Plaid Cymru health spokesperson Elin Jones said: "Plaid Cymru is clear that centralising life-saving services away from patients is wrong and it shouldn't happen.

"Consultant-led emergency services are an essential part of a safe, modern NHS service."

Watchdog worried

The announcements were the latest development in a lengthy process which started long before the Hywel Dda health board made final recommendations in January on wide-ranging proposals including:

  • Redesigning emergency care at Prince Philip Hospital to be a nurse-led service supported by doctors, although the hospital would retain a 24/7 emergency medical assessment and admissions unit
  • Centralising more complex (level two) baby care at West Wales General Hospital which would lead to the closure of the specialist baby care unit at Withybush Hospital
  • Closing two minor injuries units at Tenby and Pembroke Dock with staff redeployed to Withybush
  • Closing Mynydd Mawr Community Hospital in Tumble with services delivered in the community and at Prince Philip Hospital

In February the CHC decided it could not support most of the proposals and referred them to the then health minister Lesley Griffiths for a decision.

In one of her last actions as health minister, Ms Griffiths told the CHC in March that its referral did not satisfy Welsh government rules as it had not proposed alternatives.
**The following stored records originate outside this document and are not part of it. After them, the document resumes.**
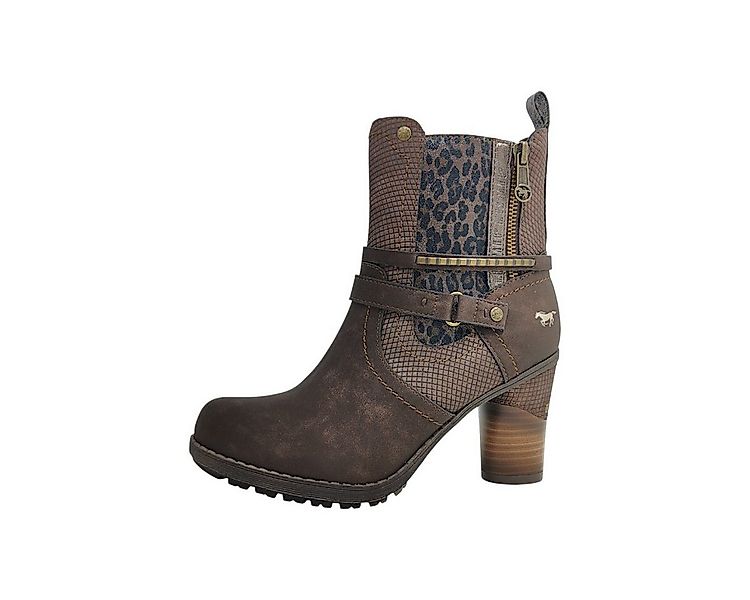 Mustang Shoes Stiefel Stiefelette günstig online kaufen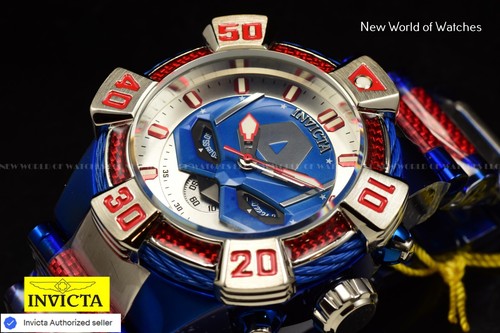 Rare invicta men - invicta, marvel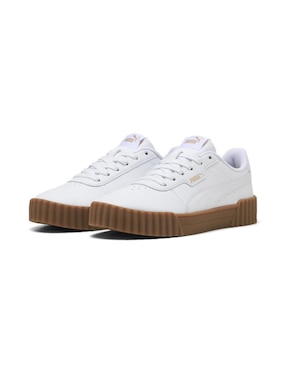 Tenis Puma Carina 3.0 de mujer
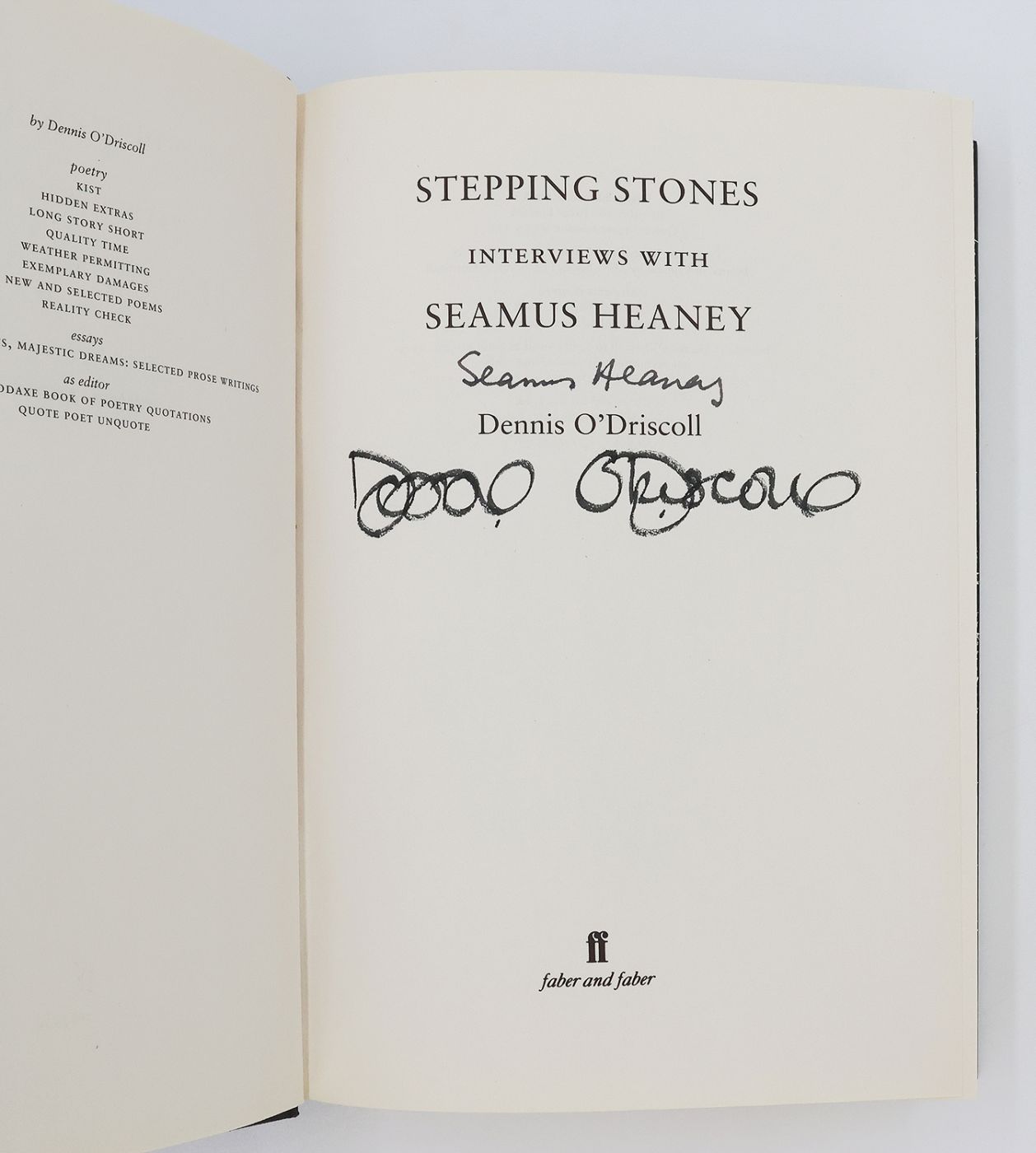STEPPING STONES: -  image 3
In April the CHC said it could not accept the health board's neonatal and A&E changes and referred those proposals for a second time to the Welsh government.

Meanwhile, the CHC was able to "conditionally accept" the closure of the two minor injuries units and the closure of Mynydd Mawr hospital which are now in the process of being implemented.

In response, the newly appointed health minister Mark Drakeford set up a scrutiny panel led by chief medical officer Dr Ruth Hussey to "consider these issues" and "examine all relevant documentation".

The judicial review of the A&E changes at Prince Philip Hospital is due to take place in November.